[RECORDED INFORMATION]

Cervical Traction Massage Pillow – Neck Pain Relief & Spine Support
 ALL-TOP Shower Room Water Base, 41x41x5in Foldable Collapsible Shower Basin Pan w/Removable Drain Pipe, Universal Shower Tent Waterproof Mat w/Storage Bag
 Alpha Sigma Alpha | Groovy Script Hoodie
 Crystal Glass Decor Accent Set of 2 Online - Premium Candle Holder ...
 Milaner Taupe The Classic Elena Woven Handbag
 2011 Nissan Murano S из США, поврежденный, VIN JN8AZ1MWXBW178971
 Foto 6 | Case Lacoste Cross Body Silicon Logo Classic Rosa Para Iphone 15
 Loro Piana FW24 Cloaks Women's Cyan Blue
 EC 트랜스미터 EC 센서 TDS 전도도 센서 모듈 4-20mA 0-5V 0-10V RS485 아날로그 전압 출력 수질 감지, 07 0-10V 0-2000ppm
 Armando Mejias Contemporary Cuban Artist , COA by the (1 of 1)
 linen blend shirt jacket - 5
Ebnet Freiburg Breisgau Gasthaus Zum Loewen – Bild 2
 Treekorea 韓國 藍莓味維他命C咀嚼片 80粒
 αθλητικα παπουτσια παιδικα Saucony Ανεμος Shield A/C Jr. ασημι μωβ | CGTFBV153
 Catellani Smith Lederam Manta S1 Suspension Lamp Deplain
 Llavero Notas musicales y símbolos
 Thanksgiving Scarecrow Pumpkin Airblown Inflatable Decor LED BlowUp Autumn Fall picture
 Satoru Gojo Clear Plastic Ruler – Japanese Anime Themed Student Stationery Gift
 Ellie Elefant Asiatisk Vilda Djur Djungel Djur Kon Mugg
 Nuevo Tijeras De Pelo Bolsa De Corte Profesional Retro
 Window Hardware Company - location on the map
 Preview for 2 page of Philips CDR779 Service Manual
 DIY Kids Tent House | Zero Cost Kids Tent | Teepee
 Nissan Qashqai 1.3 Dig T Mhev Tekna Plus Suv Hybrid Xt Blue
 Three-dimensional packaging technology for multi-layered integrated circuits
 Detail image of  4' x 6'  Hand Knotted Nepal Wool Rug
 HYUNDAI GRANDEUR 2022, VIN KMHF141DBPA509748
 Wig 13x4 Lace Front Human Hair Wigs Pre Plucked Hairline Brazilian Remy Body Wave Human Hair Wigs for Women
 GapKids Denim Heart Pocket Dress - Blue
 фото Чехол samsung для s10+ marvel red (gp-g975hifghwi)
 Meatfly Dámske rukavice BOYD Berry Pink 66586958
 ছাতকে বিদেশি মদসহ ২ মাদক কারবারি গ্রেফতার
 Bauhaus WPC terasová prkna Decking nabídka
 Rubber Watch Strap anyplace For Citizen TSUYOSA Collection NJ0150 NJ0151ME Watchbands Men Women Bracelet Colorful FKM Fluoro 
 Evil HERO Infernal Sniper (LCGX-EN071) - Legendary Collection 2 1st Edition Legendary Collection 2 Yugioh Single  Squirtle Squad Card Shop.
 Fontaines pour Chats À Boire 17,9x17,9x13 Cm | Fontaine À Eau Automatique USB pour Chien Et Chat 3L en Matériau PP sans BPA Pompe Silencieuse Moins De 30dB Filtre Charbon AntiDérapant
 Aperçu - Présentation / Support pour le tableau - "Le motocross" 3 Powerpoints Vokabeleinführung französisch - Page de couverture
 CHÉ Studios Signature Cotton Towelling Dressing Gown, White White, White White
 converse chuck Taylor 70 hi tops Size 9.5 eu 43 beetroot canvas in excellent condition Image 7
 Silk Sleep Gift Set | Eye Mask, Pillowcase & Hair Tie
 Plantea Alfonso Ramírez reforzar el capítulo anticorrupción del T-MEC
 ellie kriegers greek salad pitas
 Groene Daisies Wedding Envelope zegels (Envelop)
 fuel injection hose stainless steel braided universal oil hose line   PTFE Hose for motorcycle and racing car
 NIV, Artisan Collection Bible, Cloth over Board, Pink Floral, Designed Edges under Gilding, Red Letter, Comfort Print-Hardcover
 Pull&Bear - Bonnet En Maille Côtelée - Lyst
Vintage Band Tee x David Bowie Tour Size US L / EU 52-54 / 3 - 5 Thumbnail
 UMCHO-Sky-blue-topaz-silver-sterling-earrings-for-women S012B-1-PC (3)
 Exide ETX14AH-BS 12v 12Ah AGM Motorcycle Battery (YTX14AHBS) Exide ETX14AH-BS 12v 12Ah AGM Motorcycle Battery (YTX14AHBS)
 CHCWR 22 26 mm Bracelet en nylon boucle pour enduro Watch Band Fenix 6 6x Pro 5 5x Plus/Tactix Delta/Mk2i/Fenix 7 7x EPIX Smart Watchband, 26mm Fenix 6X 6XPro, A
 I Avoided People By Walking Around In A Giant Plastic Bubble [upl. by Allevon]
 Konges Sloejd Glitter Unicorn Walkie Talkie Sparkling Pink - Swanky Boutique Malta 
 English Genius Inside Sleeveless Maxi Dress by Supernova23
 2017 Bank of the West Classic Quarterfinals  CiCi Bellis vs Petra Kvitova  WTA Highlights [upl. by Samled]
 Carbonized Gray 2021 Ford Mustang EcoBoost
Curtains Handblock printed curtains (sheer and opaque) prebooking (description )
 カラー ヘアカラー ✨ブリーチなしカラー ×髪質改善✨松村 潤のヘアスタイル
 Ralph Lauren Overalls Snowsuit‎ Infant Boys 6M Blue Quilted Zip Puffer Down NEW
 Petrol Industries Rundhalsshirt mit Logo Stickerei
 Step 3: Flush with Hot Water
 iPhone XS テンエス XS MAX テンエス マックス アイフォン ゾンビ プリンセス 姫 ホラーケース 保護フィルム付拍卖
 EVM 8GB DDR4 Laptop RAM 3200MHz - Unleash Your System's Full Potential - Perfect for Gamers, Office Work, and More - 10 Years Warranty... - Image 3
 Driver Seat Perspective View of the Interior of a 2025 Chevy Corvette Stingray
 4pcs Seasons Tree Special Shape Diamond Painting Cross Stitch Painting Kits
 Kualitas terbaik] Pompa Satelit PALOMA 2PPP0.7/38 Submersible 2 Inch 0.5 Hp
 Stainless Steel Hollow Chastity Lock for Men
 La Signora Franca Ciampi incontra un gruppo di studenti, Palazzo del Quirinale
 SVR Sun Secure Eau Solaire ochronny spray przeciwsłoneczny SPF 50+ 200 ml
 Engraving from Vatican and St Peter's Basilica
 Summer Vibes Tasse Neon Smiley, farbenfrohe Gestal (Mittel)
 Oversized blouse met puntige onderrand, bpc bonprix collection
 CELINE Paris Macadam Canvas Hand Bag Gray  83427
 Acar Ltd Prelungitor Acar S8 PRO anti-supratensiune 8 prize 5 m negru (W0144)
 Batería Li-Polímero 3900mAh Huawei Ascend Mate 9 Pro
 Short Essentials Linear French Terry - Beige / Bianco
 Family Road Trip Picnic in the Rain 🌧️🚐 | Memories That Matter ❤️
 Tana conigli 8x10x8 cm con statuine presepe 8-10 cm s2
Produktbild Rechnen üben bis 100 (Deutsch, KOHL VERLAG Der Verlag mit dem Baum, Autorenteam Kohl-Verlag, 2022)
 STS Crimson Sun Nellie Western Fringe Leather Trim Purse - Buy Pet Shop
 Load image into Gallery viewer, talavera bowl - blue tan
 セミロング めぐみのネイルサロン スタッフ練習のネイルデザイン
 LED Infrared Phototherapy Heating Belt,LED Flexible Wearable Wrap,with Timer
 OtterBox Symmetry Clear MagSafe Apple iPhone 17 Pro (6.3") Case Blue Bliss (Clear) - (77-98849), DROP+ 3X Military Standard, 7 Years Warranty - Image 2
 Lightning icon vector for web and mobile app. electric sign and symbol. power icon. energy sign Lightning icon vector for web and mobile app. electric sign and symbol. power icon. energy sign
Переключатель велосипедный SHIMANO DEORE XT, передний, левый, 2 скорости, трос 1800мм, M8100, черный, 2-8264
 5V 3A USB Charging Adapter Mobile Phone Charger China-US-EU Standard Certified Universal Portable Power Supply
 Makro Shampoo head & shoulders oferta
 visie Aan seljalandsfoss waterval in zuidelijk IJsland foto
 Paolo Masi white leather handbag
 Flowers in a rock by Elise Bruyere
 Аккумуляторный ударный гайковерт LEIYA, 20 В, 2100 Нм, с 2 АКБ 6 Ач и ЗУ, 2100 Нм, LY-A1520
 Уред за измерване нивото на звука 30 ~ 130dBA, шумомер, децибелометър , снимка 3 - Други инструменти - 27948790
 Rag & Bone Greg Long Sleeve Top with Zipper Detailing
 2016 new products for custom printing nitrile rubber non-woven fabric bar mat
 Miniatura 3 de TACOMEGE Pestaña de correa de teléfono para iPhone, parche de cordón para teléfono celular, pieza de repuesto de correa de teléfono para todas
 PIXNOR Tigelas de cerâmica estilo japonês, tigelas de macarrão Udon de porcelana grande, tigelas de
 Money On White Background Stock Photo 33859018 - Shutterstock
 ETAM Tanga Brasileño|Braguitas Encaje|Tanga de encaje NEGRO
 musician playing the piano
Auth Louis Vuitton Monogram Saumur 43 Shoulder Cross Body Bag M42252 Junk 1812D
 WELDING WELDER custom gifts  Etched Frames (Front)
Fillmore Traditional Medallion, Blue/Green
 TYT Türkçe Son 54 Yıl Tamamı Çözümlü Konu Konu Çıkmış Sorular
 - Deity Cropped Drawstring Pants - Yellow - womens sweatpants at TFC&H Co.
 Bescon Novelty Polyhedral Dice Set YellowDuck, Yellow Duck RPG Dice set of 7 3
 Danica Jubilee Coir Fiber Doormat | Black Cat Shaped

[/RECORDED INFORMATION]

_REQUIRED WORK_
The answer is the records above restated word for word from their opening line through the line that holds "Loro Piana FW24 Cloaks Women's Cyan Blue", both included, and nothing else.

_RESPONSE AREA_
Cervical Traction Massage Pillow – Neck Pain Relief & Spine Support
 ALL-TOP Shower Room Water Base, 41x41x5in Foldable Collapsible Shower Basin Pan w/Removable Drain Pipe, Universal Shower Tent Waterproof Mat w/Storage Bag
 Alpha Sigma Alpha | Groovy Script Hoodie
 Crystal Glass Decor Accent Set of 2 Online - Premium Candle Holder ...
 Milaner Taupe The Classic Elena Woven Handbag
 2011 Nissan Murano S из США, поврежденный, VIN JN8AZ1MWXBW178971
 Foto 6 | Case Lacoste Cross Body Silicon Logo Classic Rosa Para Iphone 15
 Loro Piana FW24 Cloaks Women's Cyan Blue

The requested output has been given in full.